WSDL message: An abstract, typed definition of the data that is communicated during a WSDL operation [WSDL]. Also, an element that describes the data being exchanged between web service providers and clients.

WSDL port type: A named set of logically-related, abstract Web Services Description Language (WSDL) operations and messages.

X.509: An ITU-T standard for public key infrastructure subsequently adapted by the IETF, as specified in [RFC3280].
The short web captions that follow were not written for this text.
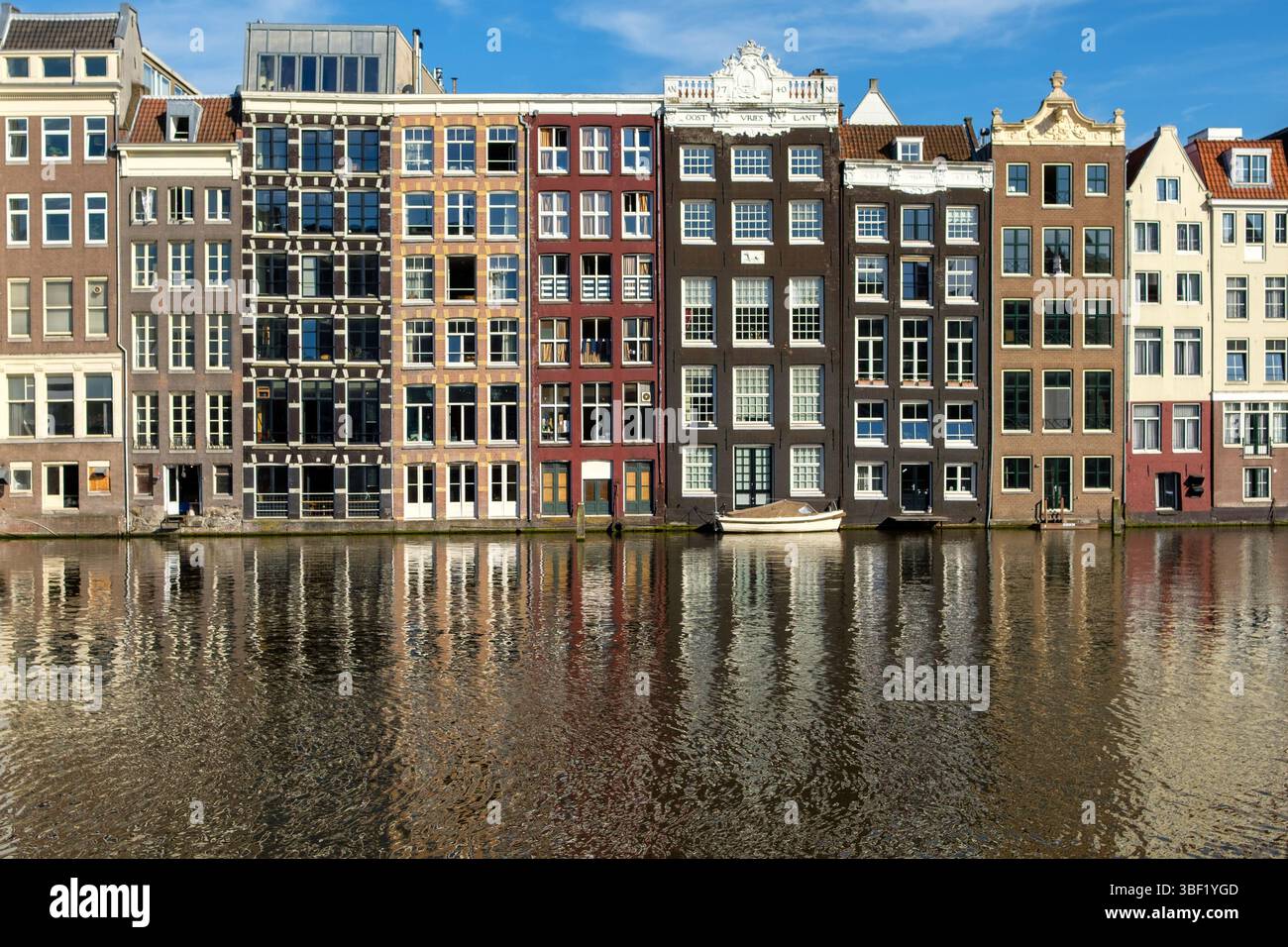 Les maisons de canal d'Amsterdam se reflètent dans l'eau. Ces bâtiments historiques sont préservés pour leur importance culturelle. Banque D'Images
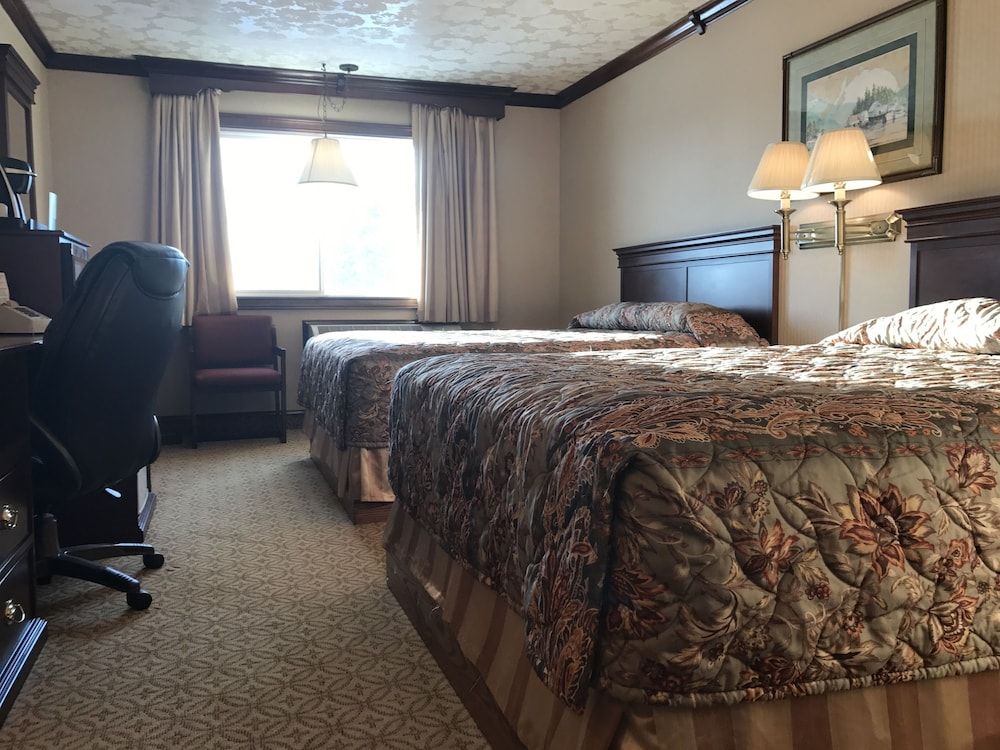 Uptown Motel Kenai Deluxe Double Room, 2 Queen Beds 4
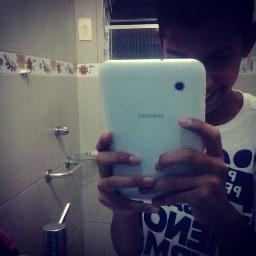 Fanatico pelo @Luansantosdasi8 e @Larimanoela amo eles 3 sigo de volta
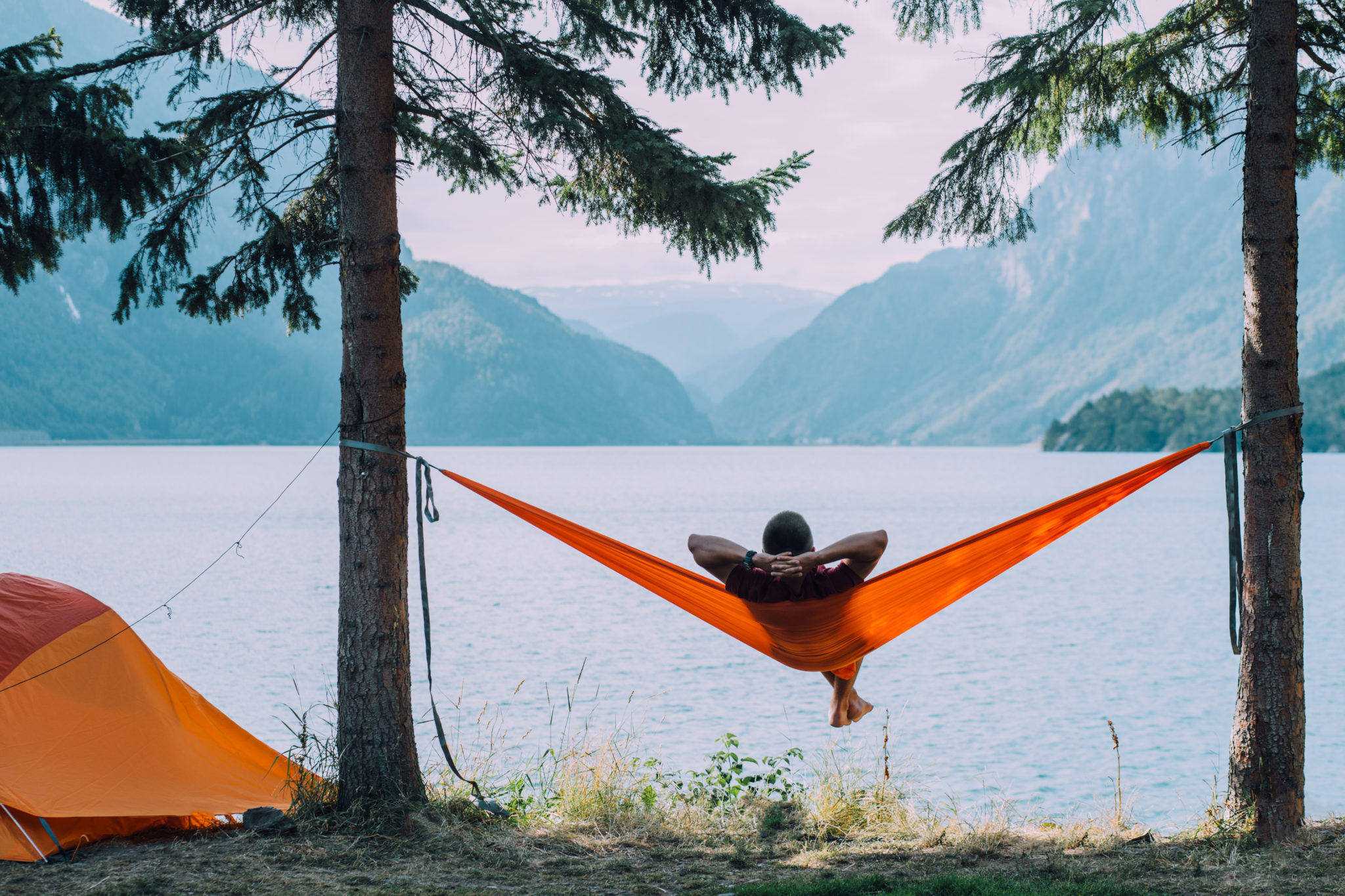 The Pros and Cons of Hammock Camping CAMPR CLICK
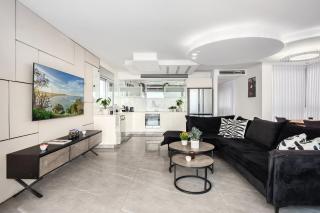 Yarkon Sea-front Escape with Parking - 6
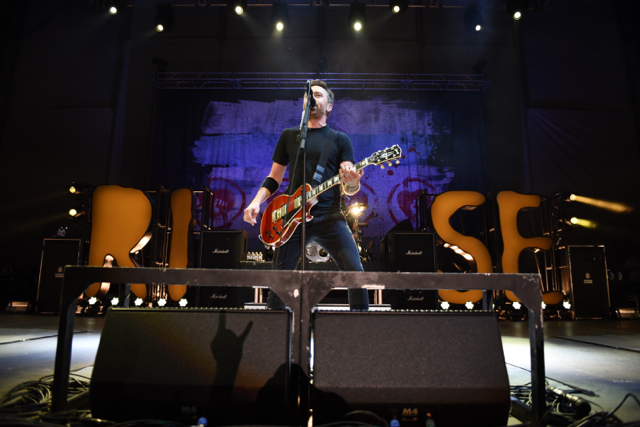 Photo Gallery : Rise Against Live at FirstMerit Bank Pavilion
XML: The Extensible Markup Language, as described in [XML1.0].

XML namespace: A collection of names that is used to identify elements, types, and attributes in XML documents identified in a URI reference [RFC3986]. A combination of XML namespace and local name allows XML documents to use elements, types, and attributes that have the same names but come from different sources. For more information, see [XMLNS-2ED].

XML schema: A description of a type of XML document that is typically expressed in terms of constraints on the structure and content of documents of that type, in addition to the basic syntax constraints that are imposed by XML itself. An XML schema provides a view of a document type at a relatively high level of abstraction.

MAY, SHOULD, MUST, SHOULD NOT, MUST NOT: These terms (in all caps) are used as defined in [RFC2119]. All statements of optional behavior use either MAY, SHOULD, or SHOULD NOT.